Kalaupun anda mau berusaha untuk menguasai bahasa Arab agar bisa membaca Al-Qur’an, itu lebih bagus lagi, karena membaca Al-Qur’an sekalipun tidak mengerti artinya sudah diganjar pahala yang besar disisi Allah. Al-Qur’an adalah ‘surat cinta’ dari Allah kepada manusia. Dia tentu sangat senang apabila surat tersebut dibaca berulang-ulang dengan segala kemampuan yang dimiliki. Ibaratnya ketika anda mengirim surat dalam bahasa Indonesia kepada seorang teman di Inggeris yang tidak bisa berbahasa Indonesia, namun dia tetap berusaha membacanya berulang-ulang dengan terbata-bata dan berusaha mencari-cari artinya. Ketika anda tahu apa yang dilakukan teman anda tersebut, apa reaksi anda..?? saya yakin anda akan terharu dan sangat senang mendengarnya, merasa dihargai dan kalau anda bertemu dengannya, anda pasti akan berusaha mati-matian untuk menjelaskan isi surat tersebut.

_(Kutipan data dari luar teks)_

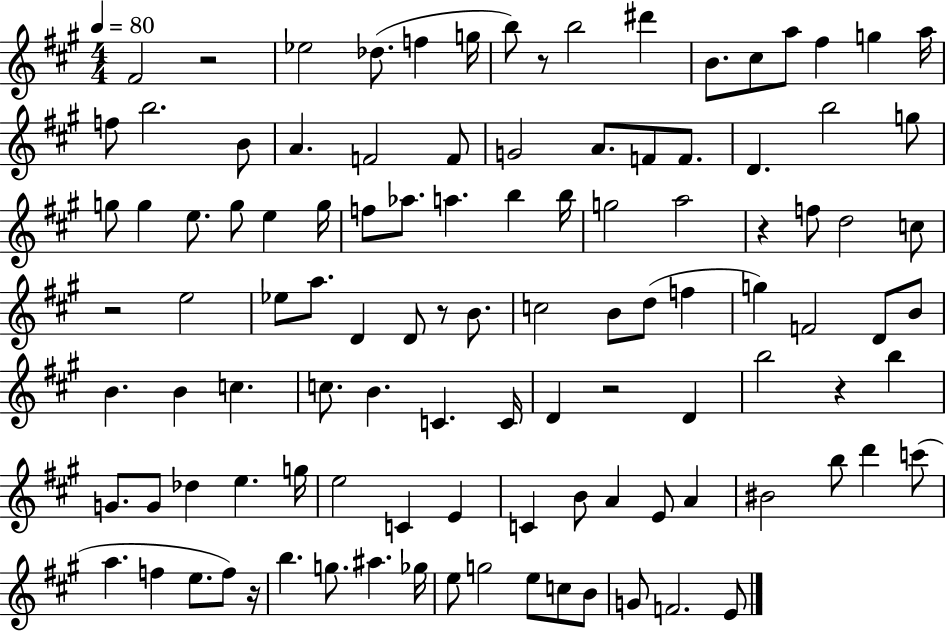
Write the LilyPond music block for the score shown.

{
  \clef treble
  \numericTimeSignature
  \time 4/4
  \key a \major
  \tempo 4 = 80
  fis'2 r2 | ees''2 des''8.( f''4 g''16 | b''8) r8 b''2 dis'''4 | b'8. cis''8 a''8 fis''4 g''4 a''16 | \break f''8 b''2. b'8 | a'4. f'2 f'8 | g'2 a'8. f'8 f'8. | d'4. b''2 g''8 | \break g''8 g''4 e''8. g''8 e''4 g''16 | f''8 aes''8. a''4. b''4 b''16 | g''2 a''2 | r4 f''8 d''2 c''8 | \break r2 e''2 | ees''8 a''8. d'4 d'8 r8 b'8. | c''2 b'8 d''8( f''4 | g''4) f'2 d'8 b'8 | \break b'4. b'4 c''4. | c''8. b'4. c'4. c'16 | d'4 r2 d'4 | b''2 r4 b''4 | \break g'8. g'8 des''4 e''4. g''16 | e''2 c'4 e'4 | c'4 b'8 a'4 e'8 a'4 | bis'2 b''8 d'''4 c'''8( | \break a''4. f''4 e''8. f''8) r16 | b''4. g''8. ais''4. ges''16 | e''8 g''2 e''8 c''8 b'8 | g'8 f'2. e'8 | \break \bar "|."
}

Begitu juga dengan Allah, ketika Dia mengetahui hamba-Nya yang tidak memahami bahasa Arab berusaha membaca Al-Qur’an setiap waktu, dan mati-matian mencari maknanya maka Dia Yang Maha Kuasa akan menganugerahi hamba-Nya tersebut dengan pemahaman, sekalipun tidak bisa membaca Al-Qur’an dengan baik. 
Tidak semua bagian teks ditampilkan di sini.